Doria v. Cooke Properties, Inc.

—Order, Supreme Court, New York County (Alfred Toker, J.H.O.), entered April 15, 1997, which dismissed the third-party complaint upon the ground that such impleader would not lie under recently *60amended provisions of the Workers’ Compensation Law, unanimously reversed, on the law, the motion denied and the third-party complaint reinstated, without costs.

This is an action for personal injuries brought by a worker at a construction site. The lawsuit presents the familiar configuration of a main action commenced against the owners of real property, who in turn bring a third-party action against the injured party’s employer for common-law indemnification and contribution. The employer subsequently moved to dismiss the third-party action under the recently amended section 11 of the Workers’ Compensation Law (L 1996, ch 635, § 2), which precludes third-party indemnity actions against an employer who has made Workers’ Compensation payments except where the worker has suffered “ ‘grave injury’ ” (concededly not the case here).
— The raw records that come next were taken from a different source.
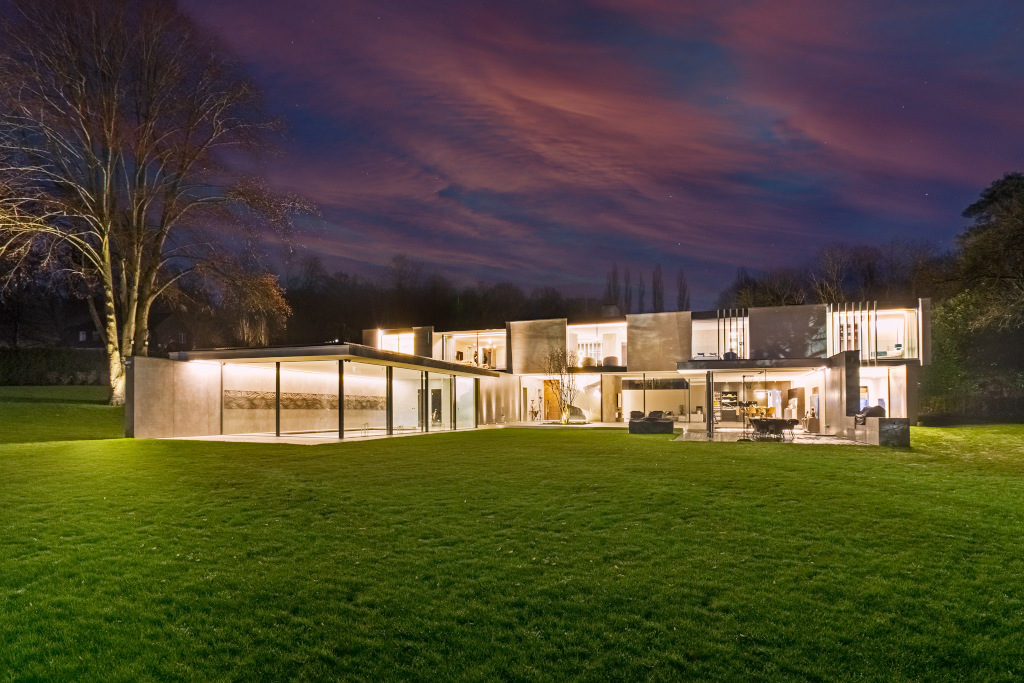 exterior shot at night of ultra modern home with glass windows and walls in Hertfordshire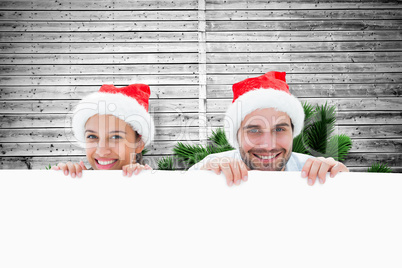 Composite image of festive young couple smiling at camera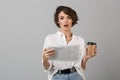 Shocked young business woman posing isolated over grey wall background reading newspaper drinking coffee Royalty Free Stock Photo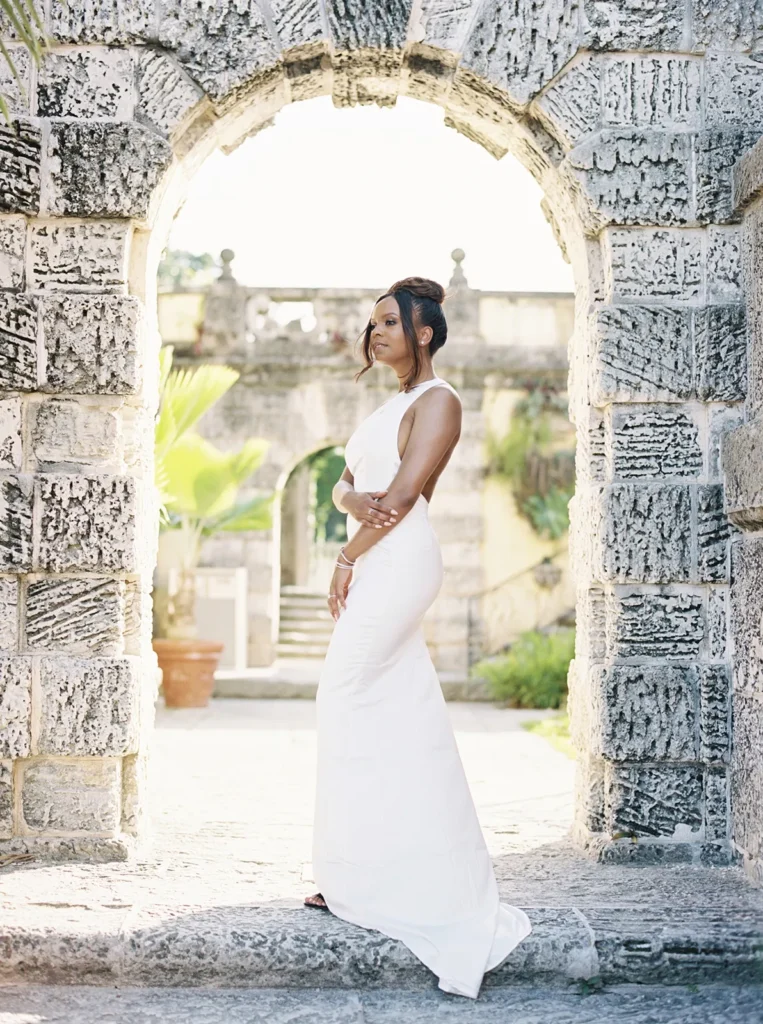 bride in white silk dress under an archway with sun shining through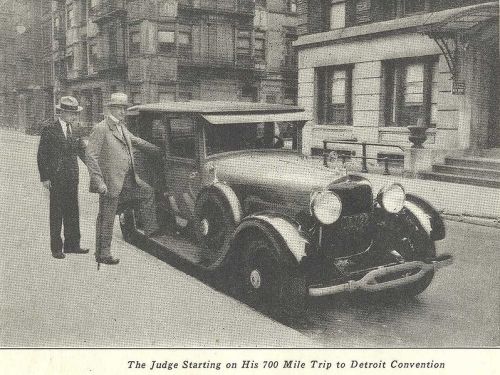 A vintage car with two men, one standing beside it, preparing for a 700-mile trip to a convention in Detroit.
The sole issue on this appeal is whether the cited statutory proscription should be retroactively applied to litigation such as this, which was pending prior to the effective date of the amendment. The order appealed from, which applied the amendment retroactively so as to extinguish the third-party action, was apparently issued by the Referee prior to any decisive appellate guidance on the question. In carefully reasoned decisions, the Second and Third Departments have now held that the amendment contemplates prospective application only (Morales v Gross, 230 AD2d 7; Majewski v Broadalbin-Perth Cent. School Dist., 231 AD2d 102)—a view with which we find ourselves in complete agreement. The third-party action is thus reinstated in accordance with what we consider to be prevailing law. Concur—Sullivan, J. P., Milonas, Rosenberger, Ellerin and Wallach, JJ.